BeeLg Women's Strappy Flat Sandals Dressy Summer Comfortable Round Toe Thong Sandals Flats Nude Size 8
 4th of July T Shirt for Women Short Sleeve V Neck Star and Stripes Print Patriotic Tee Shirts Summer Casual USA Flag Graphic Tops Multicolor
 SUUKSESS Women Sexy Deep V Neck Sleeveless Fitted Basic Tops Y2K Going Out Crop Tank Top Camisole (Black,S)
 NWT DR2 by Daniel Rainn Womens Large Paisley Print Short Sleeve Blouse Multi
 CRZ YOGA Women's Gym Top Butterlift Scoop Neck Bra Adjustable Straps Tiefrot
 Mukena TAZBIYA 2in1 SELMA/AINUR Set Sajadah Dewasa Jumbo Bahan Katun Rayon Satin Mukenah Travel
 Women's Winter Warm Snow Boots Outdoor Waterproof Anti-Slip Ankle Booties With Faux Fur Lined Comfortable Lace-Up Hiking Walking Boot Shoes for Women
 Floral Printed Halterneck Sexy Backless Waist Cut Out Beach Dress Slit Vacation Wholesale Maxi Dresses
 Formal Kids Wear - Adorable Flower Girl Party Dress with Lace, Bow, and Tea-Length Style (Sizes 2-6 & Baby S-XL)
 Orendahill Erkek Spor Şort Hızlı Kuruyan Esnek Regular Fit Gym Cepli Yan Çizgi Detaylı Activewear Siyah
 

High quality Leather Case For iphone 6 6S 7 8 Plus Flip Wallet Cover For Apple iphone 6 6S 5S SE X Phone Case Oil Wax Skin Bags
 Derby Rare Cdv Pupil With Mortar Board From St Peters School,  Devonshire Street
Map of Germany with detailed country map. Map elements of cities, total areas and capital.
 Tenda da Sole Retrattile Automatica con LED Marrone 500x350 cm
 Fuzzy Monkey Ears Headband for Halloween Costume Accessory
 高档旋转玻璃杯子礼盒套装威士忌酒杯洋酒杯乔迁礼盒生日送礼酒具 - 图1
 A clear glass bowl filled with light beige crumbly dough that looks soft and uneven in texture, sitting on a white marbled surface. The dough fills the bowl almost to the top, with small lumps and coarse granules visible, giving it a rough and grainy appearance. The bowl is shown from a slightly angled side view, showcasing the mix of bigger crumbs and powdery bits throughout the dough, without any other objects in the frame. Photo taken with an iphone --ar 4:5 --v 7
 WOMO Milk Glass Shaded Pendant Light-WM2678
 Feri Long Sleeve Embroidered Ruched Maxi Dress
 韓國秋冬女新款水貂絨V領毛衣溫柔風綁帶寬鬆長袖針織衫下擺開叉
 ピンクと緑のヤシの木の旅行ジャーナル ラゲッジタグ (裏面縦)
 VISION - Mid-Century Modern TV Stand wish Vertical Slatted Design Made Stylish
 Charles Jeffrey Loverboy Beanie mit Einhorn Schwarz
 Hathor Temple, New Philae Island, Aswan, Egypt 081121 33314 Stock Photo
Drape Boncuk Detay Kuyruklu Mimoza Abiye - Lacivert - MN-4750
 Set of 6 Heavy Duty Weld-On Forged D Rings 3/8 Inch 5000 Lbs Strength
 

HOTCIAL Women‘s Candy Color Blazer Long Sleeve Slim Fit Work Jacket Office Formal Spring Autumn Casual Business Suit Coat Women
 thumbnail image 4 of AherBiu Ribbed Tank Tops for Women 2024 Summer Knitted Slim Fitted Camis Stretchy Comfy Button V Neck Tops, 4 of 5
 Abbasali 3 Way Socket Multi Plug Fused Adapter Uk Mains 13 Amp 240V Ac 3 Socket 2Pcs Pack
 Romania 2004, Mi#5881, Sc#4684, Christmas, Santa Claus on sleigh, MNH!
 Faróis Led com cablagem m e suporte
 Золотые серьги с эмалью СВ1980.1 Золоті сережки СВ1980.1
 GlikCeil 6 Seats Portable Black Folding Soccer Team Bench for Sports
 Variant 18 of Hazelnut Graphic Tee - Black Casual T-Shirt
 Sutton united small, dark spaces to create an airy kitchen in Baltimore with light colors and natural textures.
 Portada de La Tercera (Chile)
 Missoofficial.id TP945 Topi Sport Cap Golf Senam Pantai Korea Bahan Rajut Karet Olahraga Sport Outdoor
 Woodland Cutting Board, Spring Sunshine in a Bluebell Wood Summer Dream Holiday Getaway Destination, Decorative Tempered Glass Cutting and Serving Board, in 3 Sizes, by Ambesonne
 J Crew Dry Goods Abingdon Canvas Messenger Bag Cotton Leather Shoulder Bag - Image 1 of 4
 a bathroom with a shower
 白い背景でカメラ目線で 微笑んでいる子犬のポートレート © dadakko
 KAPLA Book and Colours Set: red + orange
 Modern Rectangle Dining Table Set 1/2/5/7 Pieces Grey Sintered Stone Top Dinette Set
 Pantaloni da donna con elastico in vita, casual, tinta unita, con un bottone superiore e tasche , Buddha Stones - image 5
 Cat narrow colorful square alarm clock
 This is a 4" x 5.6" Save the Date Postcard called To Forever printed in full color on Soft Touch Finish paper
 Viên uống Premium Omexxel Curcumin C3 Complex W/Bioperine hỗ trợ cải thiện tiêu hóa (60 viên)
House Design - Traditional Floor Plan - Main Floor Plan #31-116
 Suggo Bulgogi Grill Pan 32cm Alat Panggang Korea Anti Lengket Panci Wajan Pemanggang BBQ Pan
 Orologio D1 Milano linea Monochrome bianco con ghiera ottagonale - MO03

### Activity
Retype exactly the span of lines from the one with "GlikCeil 6 Seats" through the one with "Touch Finish paper"; include both ends and omit the rest of the material.

### Written response
 GlikCeil 6 Seats Portable Black Folding Soccer Team Bench for Sports
 Variant 18 of Hazelnut Graphic Tee - Black Casual T-Shirt
 Sutton united small, dark spaces to create an airy kitchen in Baltimore with light colors and natural textures.
 Portada de La Tercera (Chile)
 Missoofficial.id TP945 Topi Sport Cap Golf Senam Pantai Korea Bahan Rajut Karet Olahraga Sport Outdoor
 Woodland Cutting Board, Spring Sunshine in a Bluebell Wood Summer Dream Holiday Getaway Destination, Decorative Tempered Glass Cutting and Serving Board, in 3 Sizes, by Ambesonne
 J Crew Dry Goods Abingdon Canvas Messenger Bag Cotton Leather Shoulder Bag - Image 1 of 4
 a bathroom with a shower
 白い背景でカメラ目線で 微笑んでいる子犬のポートレート © dadakko
 KAPLA Book and Colours Set: red + orange
 Modern Rectangle Dining Table Set 1/2/5/7 Pieces Grey Sintered Stone Top Dinette Set
 Pantaloni da donna con elastico in vita, casual, tinta unita, con un bottone superiore e tasche , Buddha Stones - image 5
 Cat narrow colorful square alarm clock
 This is a 4" x 5.6" Save the Date Postcard called To Forever printed in full color on Soft Touch Finish paper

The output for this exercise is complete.